A look at the USHL
On Frozen Blog has an interesting take on the USHL today, calling for one of the American junior league's franchises to setup shop in Washington, D.C.:
The pipeline for Major Junior hockey talent in the States is irrefutably promising and on the upswing. And at present, in its tiny geographical haven, the USHL is cluttering, virtually annually, the NHL Entry Draft’s top few rounds, leading a lot of folks in American hockey circles today to ask this question: what would happen if the USHL continued to expand . . . especially if it went to the unconquered, comparatively hockey-mad East?It's an interesting question, and the rise of the USHL makes me wonder how the number of Americans going to Canadian major junior will be impacted in the future. (Although, to be entirely accurate, USHL grads are perhaps sprinkling the entry draft more than "cluttering" it.
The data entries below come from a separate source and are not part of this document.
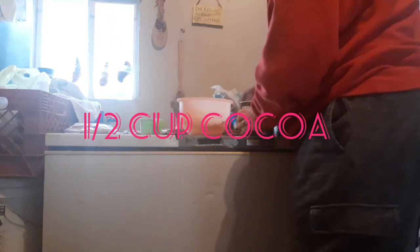There's one cup, now my second cup. And then you need your cocoa — I have one half of a cup of cocoa.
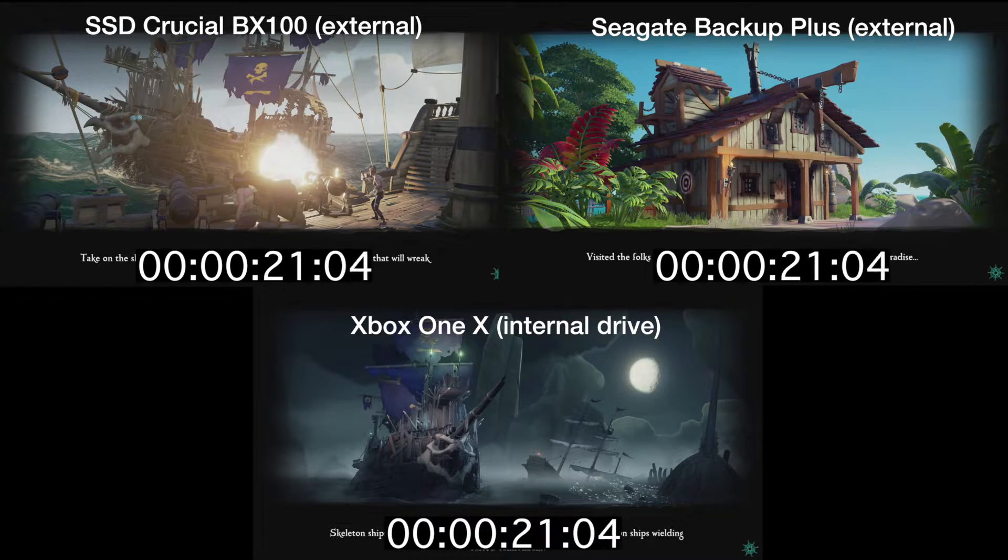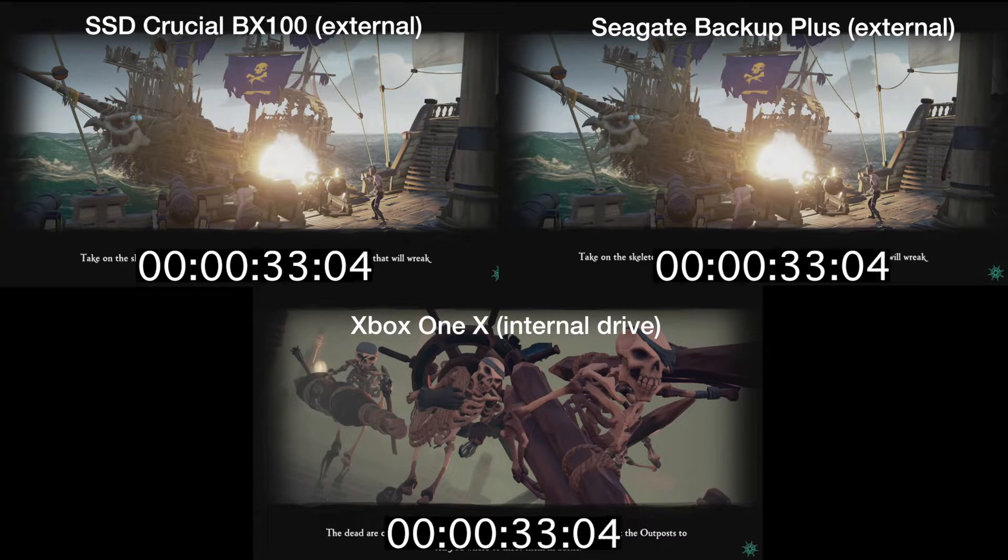We've got the Xbox One X internal drive — this is what comes in your console when you purchase it and unpack it. That's in the bottom of the screen. We've got a Crucial BX100 250GB internal SSD drive. Now, unless you're going to void your warranty, you can't use an internal drive on the Xbox, so what I've done is plug this internal drive into an external USB 3.0 enclosure and then plugging that into the back of the Xbox One X.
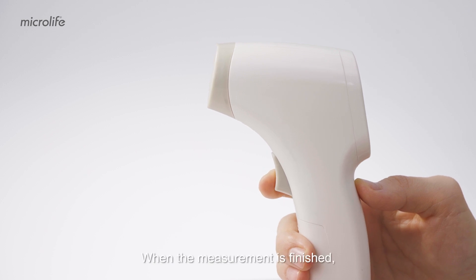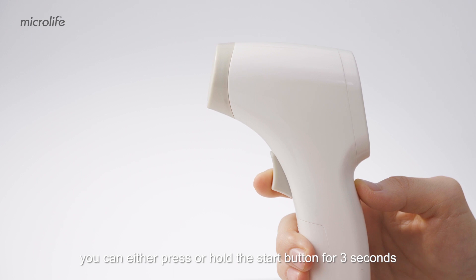When the measurement is finished, you can either press or hold the start button for 3 seconds, or the thermometer will automatically turn off after 30 seconds without use.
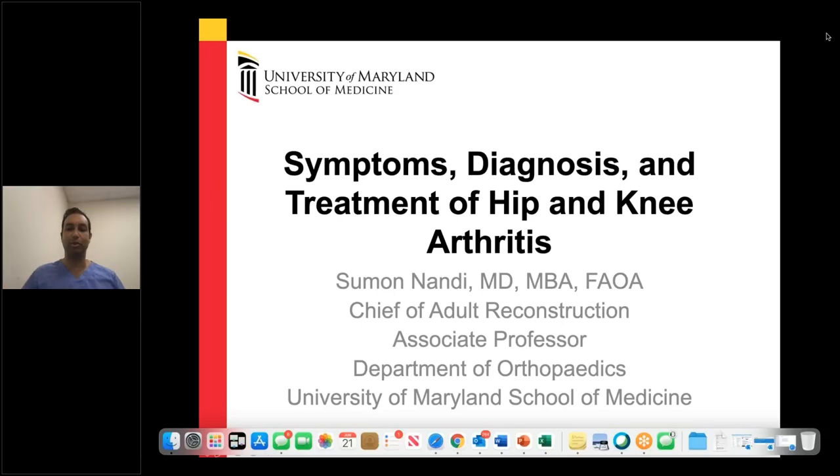All right, great. So let's get started. Thank you again, everyone, for your patience. So my name is Suman Nandi. I'm a hip and knee replacement surgeon at the University of Maryland. I'm really excited to have the opportunity to speak to all of you today. I'm originally from Maryland - I was born in Baltimore, grew up in Howard County. I went to medical school at NYU, did my orthopedic surgery residency training at the Cleveland Clinic, then did my specialty training in hip and knee in Boston before returning home. Today I'd like to speak to you about the symptoms, diagnosis, and treatment of hip and knee arthritis.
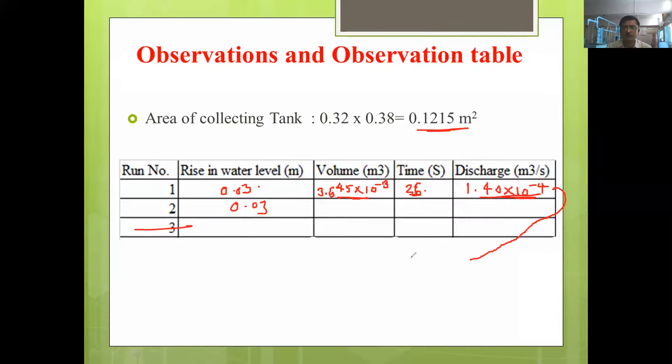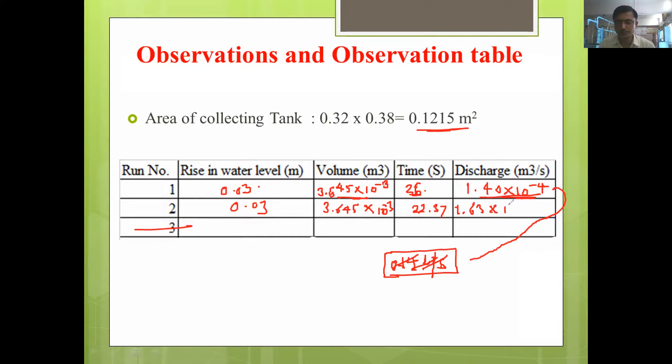To have some understanding, you can convert this to liters per second by multiplying by 1000 — it will become 0.14 liters per second. For the second reading, the volume is the same; the time is 22.37 seconds. Dividing gives 1.63 into 10 to the power minus 4 cubic meters per second.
Twenty-one were picked in the 2007 draft out of 210 players, including three late in the first round. The CHL had 97. Most USHL picks remain in the later, long-shot rounds.)
Fargo, incidentally, boasts a population of 74,000. Washington of course isn’t anywhere near as hockey-crazed (except in its per capita tally of puck bloggers); it hasn’t, for instance, hosted a World Under-20 tourney. But soon it is hosting a Frozen Four, and with a GMA population exceeding 5 million, does D.C. really need to be puck crazy to support another hockey team?
Notables to have recently come from the league include Thomas Vanek, Matt Carle, Joe Pavelski, Keith Ballard, Rostislav Klesla, Erik Cole and Joe Corvo. Some of these players were recruited into Canadian major junior after showing promise in the USHL.
Phil Housley and Gary Suter were two of the first NHLers to come from the league back in the early 1980s, while Vanek, Kyle Okposo and Blake Wheeler are three USHL players drafted in the top six picks of recent drafts.
The league averages around 3,000 fans per game in 12 different cities throughout the Midwest.
Personally, I'm for any chance for players to stay as close to home as possible when it comes to sports development, as it's an awful lot to ask of a 15- or 16-year-old player from, say, Long Beach, California, to move all the way to Prince George, B.C., just to pursue an unlikely career in hockey. The USHL gives some players that chance (although many players are still coming from well outside of the league's home base).
The American development system has improved by leaps and bounds from where it was even 10 years ago, and there are far more youths playing hockey in that country than ever before. Hockey's not yet a truly global game, and it doesn't draw from many well-populated countries — all four of Sweden, Finland, the Czech Republic and Slovakia combine for less than Canada's small population base — and with Russia's development system in shambles, the U.S. remains the only really large country producing players.
Ten years from now, it's likely hockey's Top 7 group of international powers will be dominated by the two North American countries, and the USHL's rise is just one example of where that lift is coming from.